Merci pour cette excellente revue des réactions suscitées par l’article de Carr.
l se trouve que je focalise également sur cet article dans une communication que je ferai le 25 juin prochain dans un congrès de Digital Humanities à Washington.
En bref, je suggère moi aussi que nous lisons autrement: la réactivité caractéristique du web et de l’hypertexte, mêlée à la culture du blog et de facebook, a propulsé au premier plan une lecture que je propose d’appeler « ergative », c’est-à-dire orientée vers un travail, une action concrète, que ce soit de produire un nouveau texte en réponse au texte lu, de cocher une case de feedback, d’acheminer le texte lu à divers contacts, de le marquer dans delicious ou Zotero ou encore de l’explorer à l’aide de divers outils d’analyse.

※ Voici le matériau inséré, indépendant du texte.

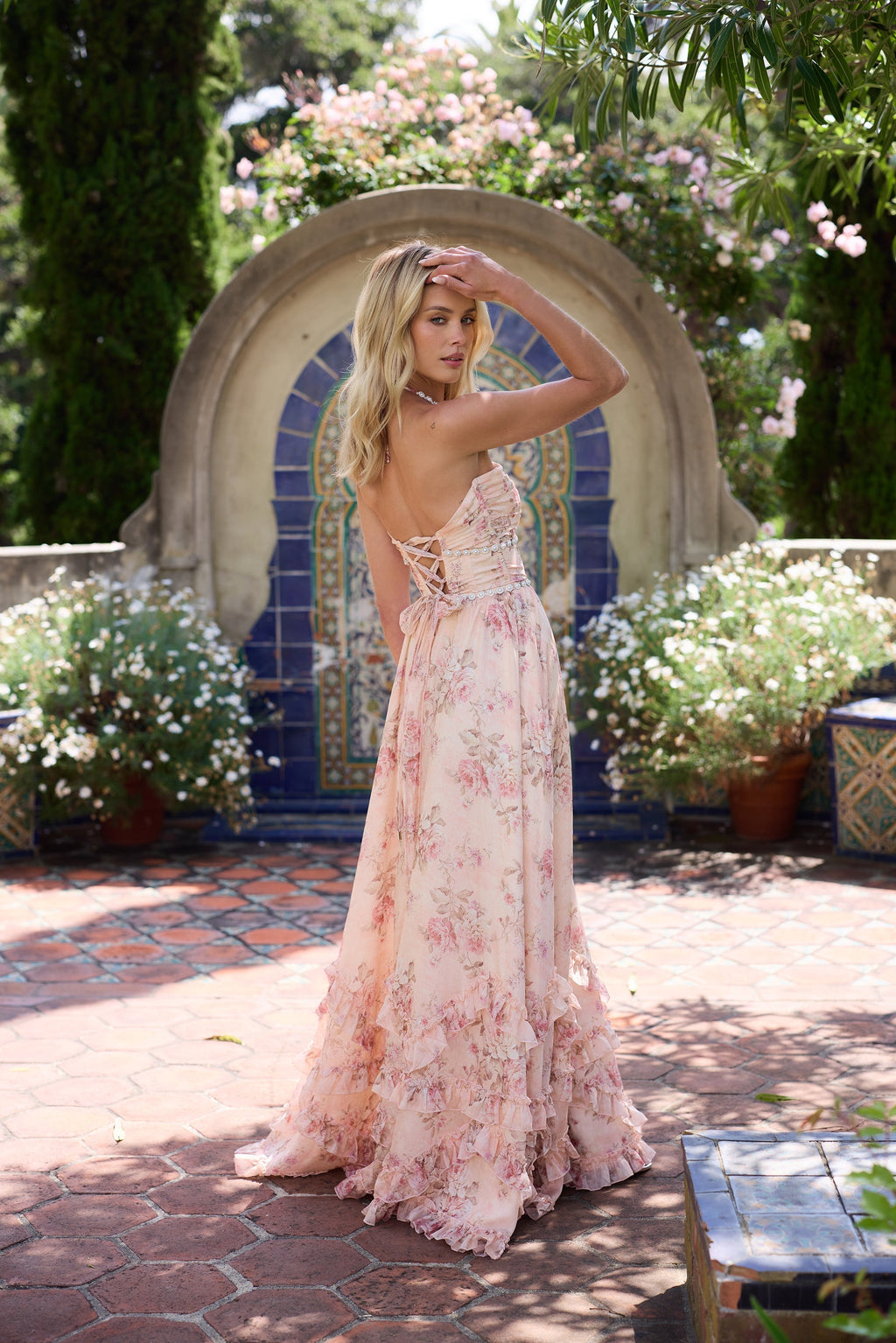 Pink Floral Pearl Maxi Dress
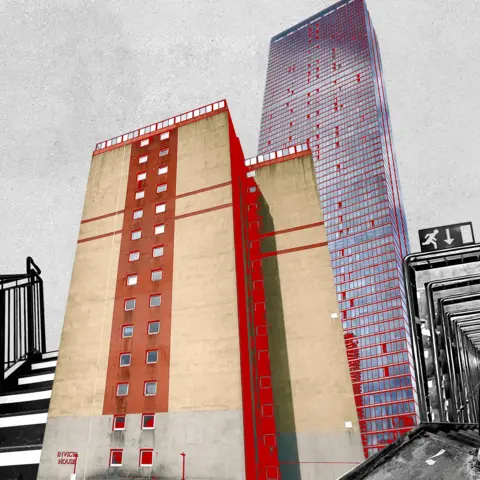 BBC Graphic showing 2  operation    blocks - Invicta House (left) and Landmark Pinnacle (right) - and staircases.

Cette lecture ergative, qui était jadis le propre des écrivains (voir notamment Montaigne, Gide, Barthes, etc.) est en train de devenir le mode de lecture par défaut.
En lieu et place de la lecture immersive exigée par le roman, où le lecteur s’enfonce profondément dans un récit au risque de perdre son propre sens d’identité (lire les réflexions de Pascal Quignard), le lecteur sur écran « surfe » sur l’écume de l’information, sans jamais oublier qu’il est à la recherche de quelque chose. Au lieu d’anesthésier son désir dans une stase hypnotique provoquée par l’emprise d’un récit, il est constamment en train de le réactualiser.
Ce déplacement est certes un phénomène de grande ampleur et on peut comprendre qu’il engendre une certaine angoisse. Il ne faudrait pas pour autant fétichiser le livre dans un réflexe de défense. Et encore moins diaboliser l’écran ou l’Internet, comme est en train de le faire la loi Hadopi sous la pression des marchands de « produits culturels ».
Merci Christian, je crois que nous partageons le même point de vue. N’hésitez pas à me faire parvenir votre communication, au moins pour le plaisir de mon information. Amicalement.